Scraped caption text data

□ □ □ □ □ □ □

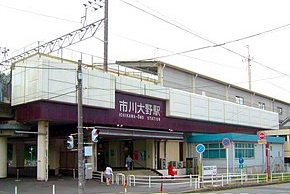 市川市柏井町3丁目155番の周辺|市川大野駅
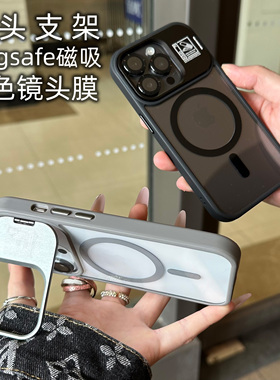 视窗翻盖支架适用苹果16promax手机壳iPhone13pro防摔11亚克力12高级感17pro透明15promax磁吸保护套14plus潮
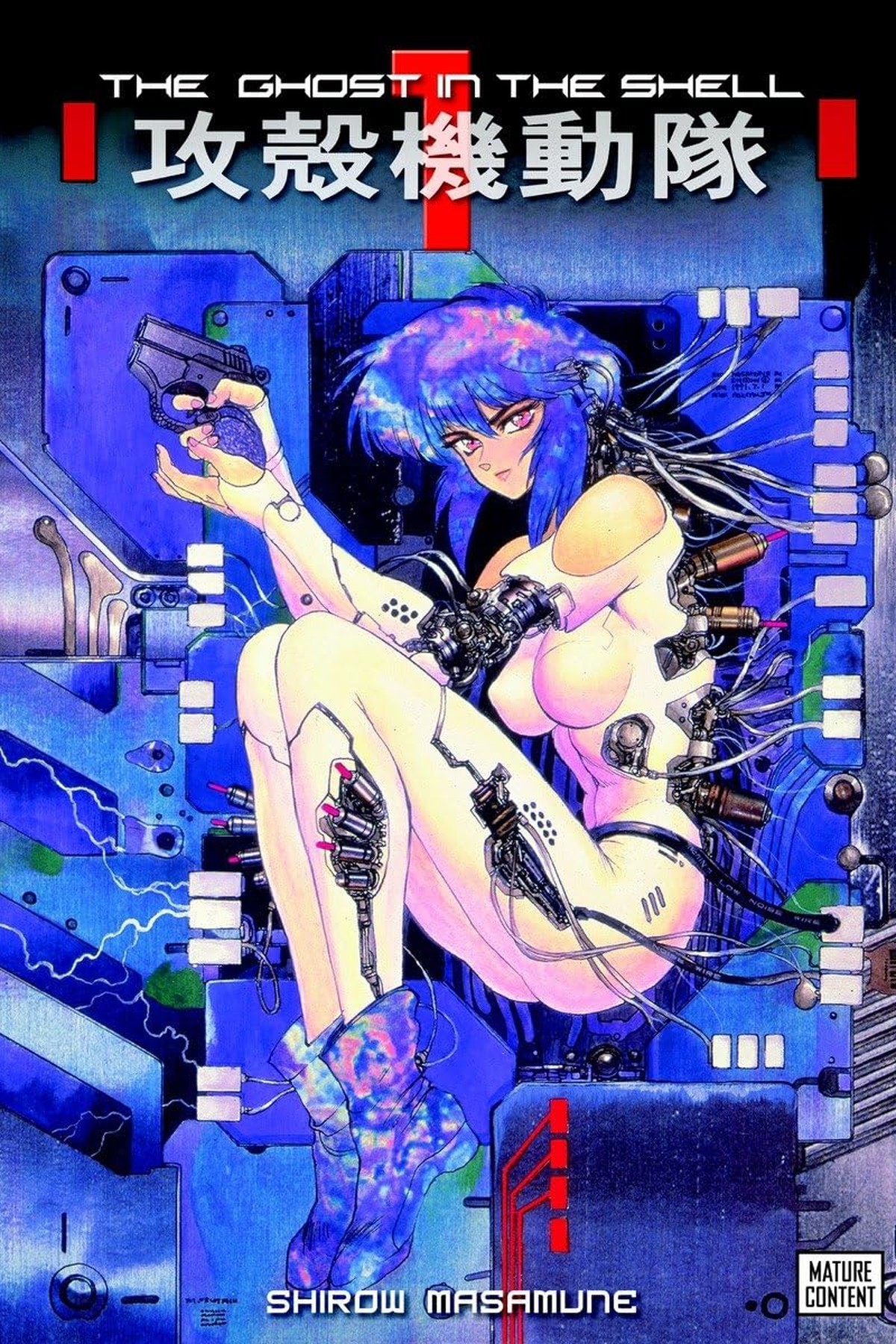 The Ghost in the Shell, Vol. 1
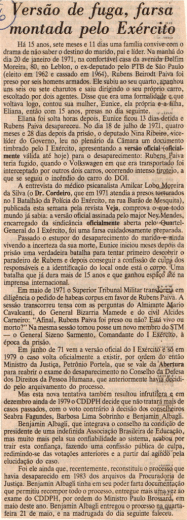 - Arquivo Ana Lag&ocirc;a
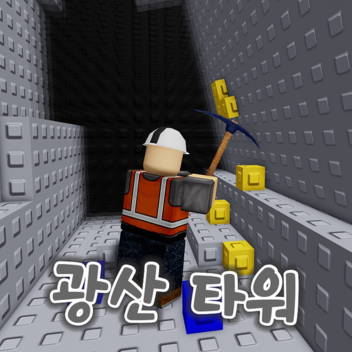 등산타워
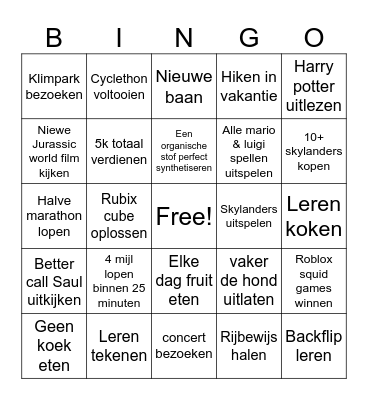 2025 Bingo Card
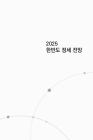 미리보기 이미지 4번째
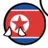 Profile image of 북한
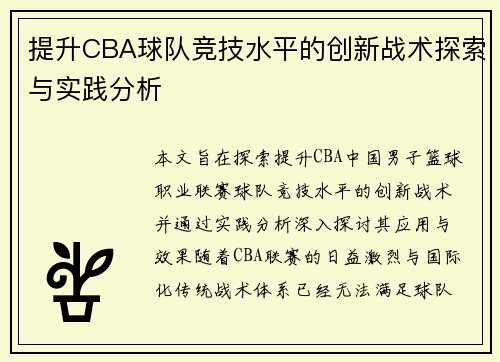 提升CBA球队竞技水平的创新战术探索与实践分析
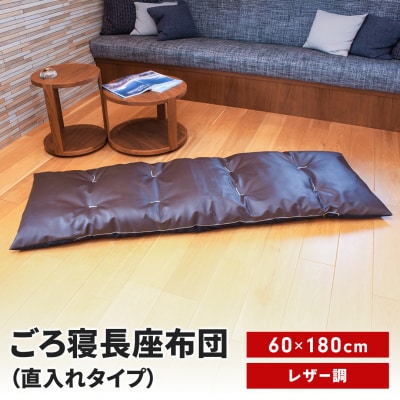 ごろ寝長座布団 直入 レザーDBR(ダークブラウン)60×180cm MKトレンド【014S141】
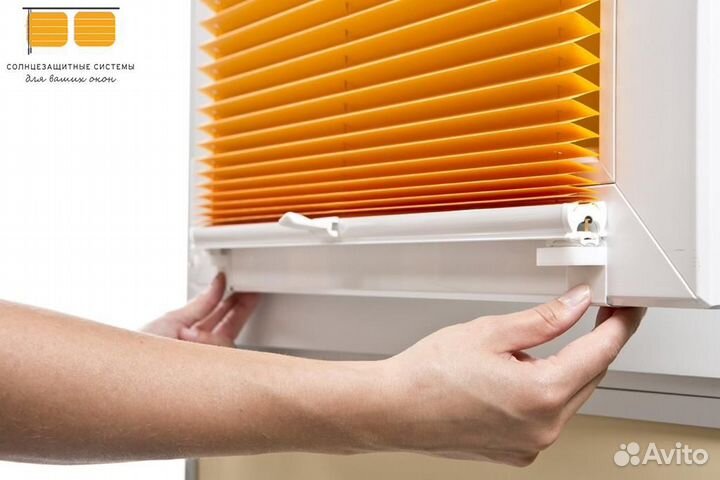 Жалюзи шторы плиссе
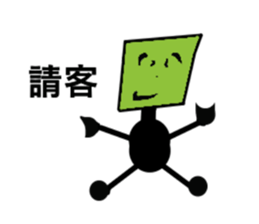 You are bored and bizarre sticker #13430245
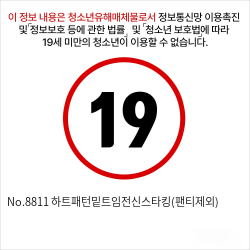 No.8811 하트패턴밑트임전신스타킹(팬티제외)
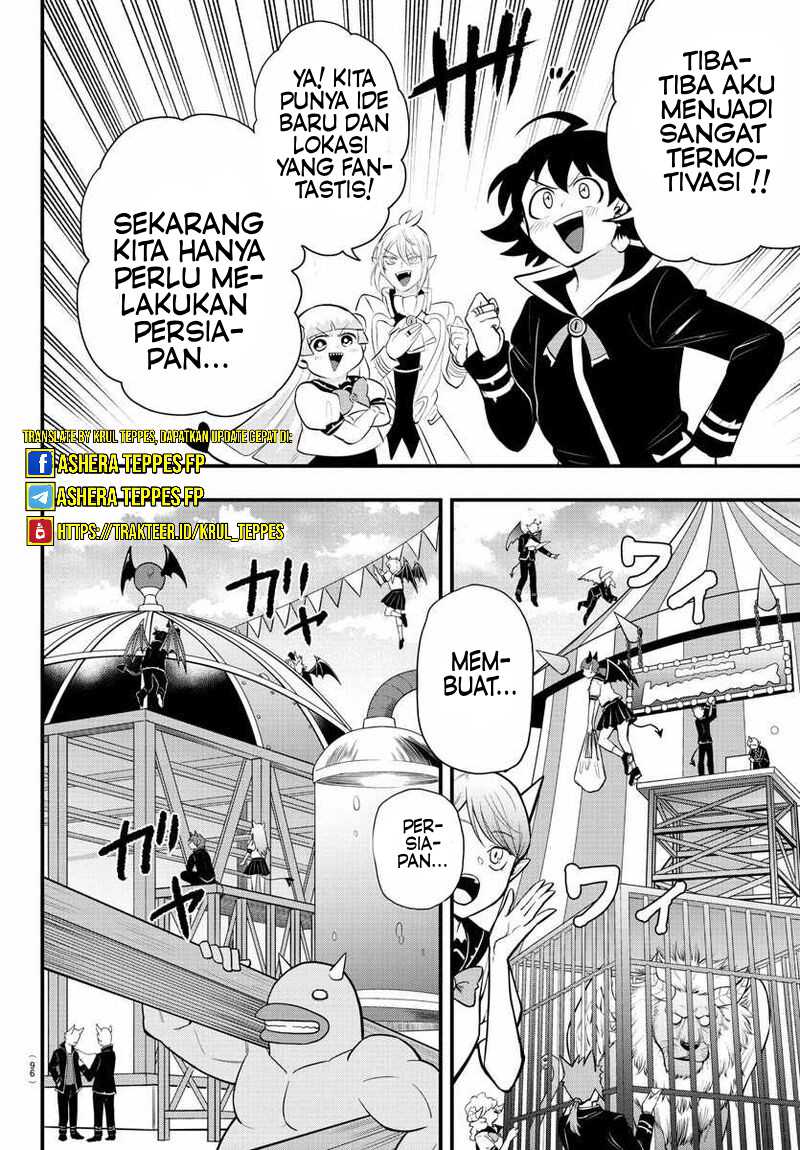 Halaman 17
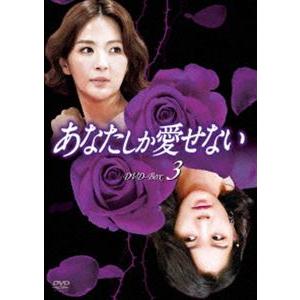 あなたしか愛せない DVD-BOX3 [DVD]｜ggking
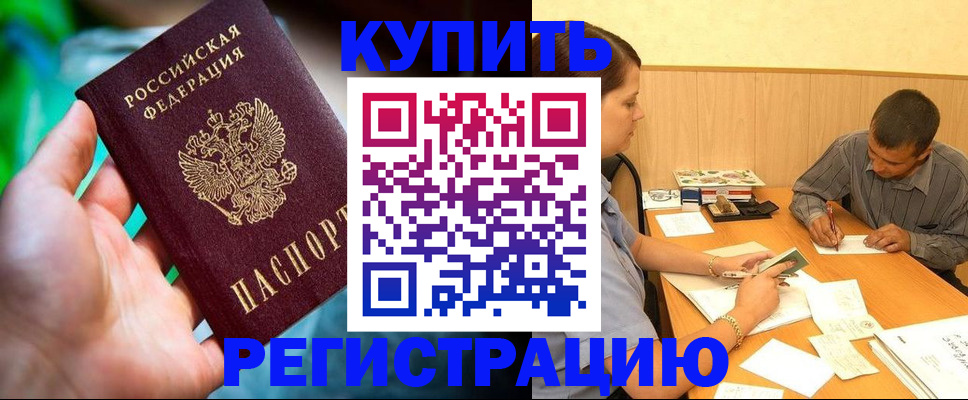 временная регистрация собственник в Йошкар-Оле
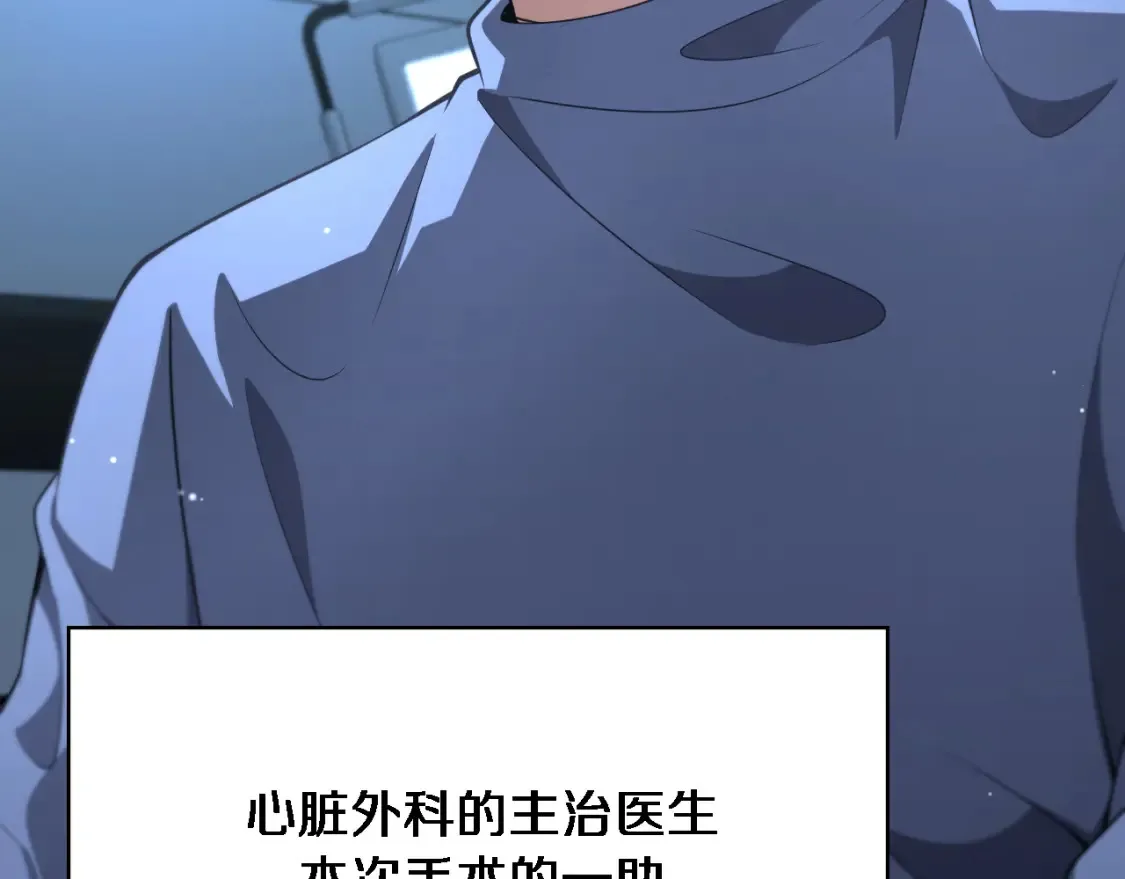 第270话 何去何从的心外  第16页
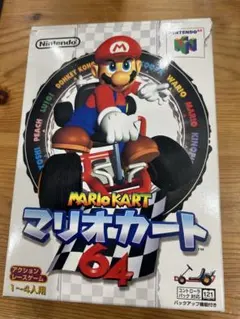 マリオカート64 ニンテンドー64ソフト 6本セット② - メルカリ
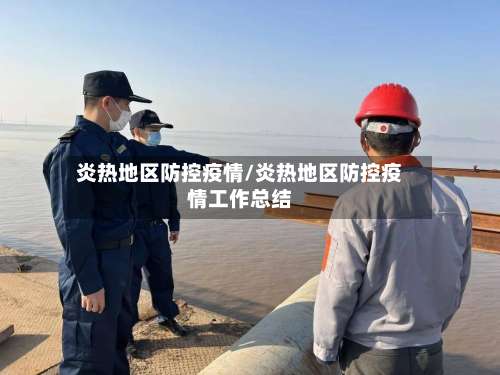 炎热地区防控疫情/炎热地区防控疫情工作总结-第1张图片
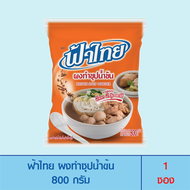 FaThai ฟ้าไทย ผงทำซุปน้ำข้น 800 กรัม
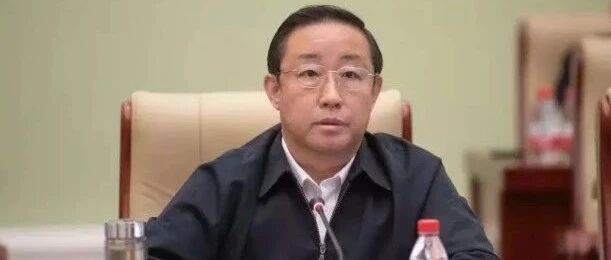 全国政协社会和法制委员会副主任傅政华接受审查调查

□ □ □ □ □ □ □

THE TASK
Without any pictures, return the entries exactly as given.

RESULT OF THE EXERCISE
 市川市柏井町3丁目155番の周辺|市川大野駅
 视窗翻盖支架适用苹果16promax手机壳iPhone13pro防摔11亚克力12高级感17pro透明15promax磁吸保护套14plus潮
 The Ghost in the Shell, Vol. 1
 - Arquivo Ana Lag&ocirc;a
 등산타워
 2025 Bingo Card
 미리보기 이미지 4번째
 Profile image of 북한
 提升CBA球队竞技水平的创新战术探索与实践分析
 ごろ寝長座布団 直入 レザーDBR(ダークブラウン)60×180cm MKトレンド【014S141】
 Жалюзи шторы плиссе
 You are bored and bizarre sticker #13430245
 No.8811 하트패턴밑트임전신스타킹(팬티제외)
 Halaman 17
 あなたしか愛せない DVD-BOX3 [DVD]｜ggking
 временная регистрация собственник в Йошкар-Оле
 第270话 何去何从的心外  第16页
 マリオカート64 ニンテンドー64ソフト 6本セット② - メルカリ
 炎热地区防控疫情/炎热地区防控疫情工作总结-第1张图片
 FaThai ฟ้าไทย ผงทำซุปน้ำข้น 800 กรัม
 全国政协社会和法制委员会副主任傅政华接受审查调查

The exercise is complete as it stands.